Directions = Down to the last line, print the entries below exactly, and keep every picture out of the copy.

Short descriptive text snippets =
*** Block opens ***

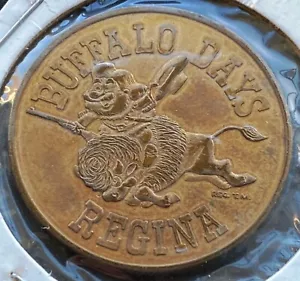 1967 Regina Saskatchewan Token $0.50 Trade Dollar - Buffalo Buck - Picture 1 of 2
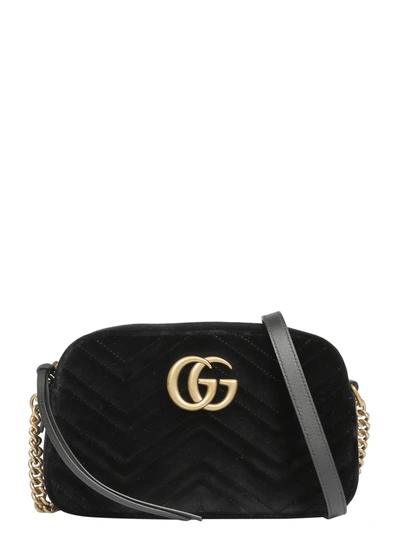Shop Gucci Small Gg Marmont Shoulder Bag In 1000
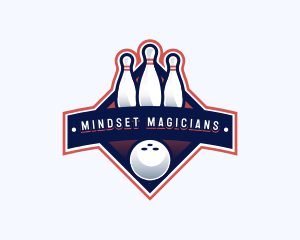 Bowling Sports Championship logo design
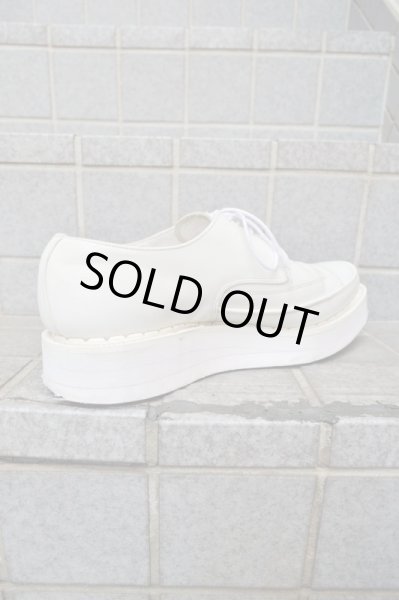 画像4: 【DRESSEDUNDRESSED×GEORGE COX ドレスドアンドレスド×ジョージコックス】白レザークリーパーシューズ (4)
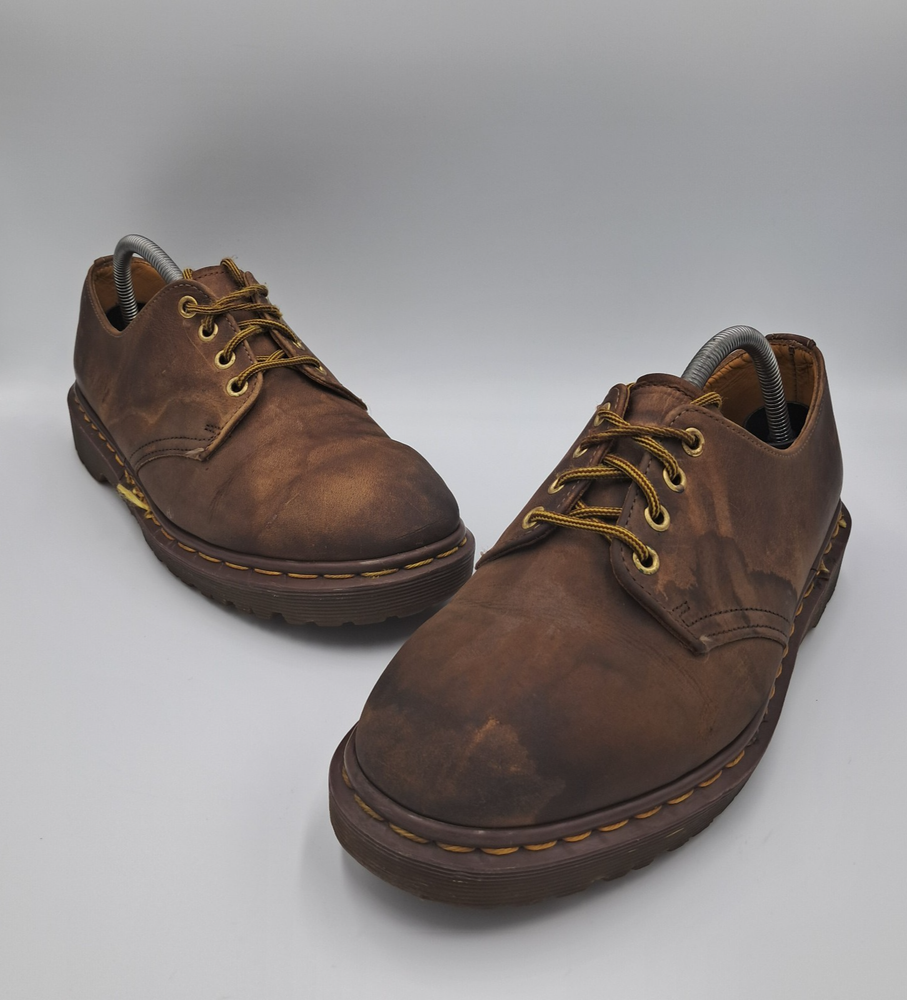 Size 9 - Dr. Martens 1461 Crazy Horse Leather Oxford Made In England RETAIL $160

*** Block closes ***

Exercise answer =
 1967 Regina Saskatchewan Token $0.50 Trade Dollar - Buffalo Buck - Picture 1 of 2
Shop Gucci Small Gg Marmont Shoulder Bag In 1000
 Bowling Sports Championship logo design
 画像4: 【DRESSEDUNDRESSED×GEORGE COX ドレスドアンドレスド×ジョージコックス】白レザークリーパーシューズ (4)
 Size 9 - Dr. Martens 1461 Crazy Horse Leather Oxford Made In England RETAIL $160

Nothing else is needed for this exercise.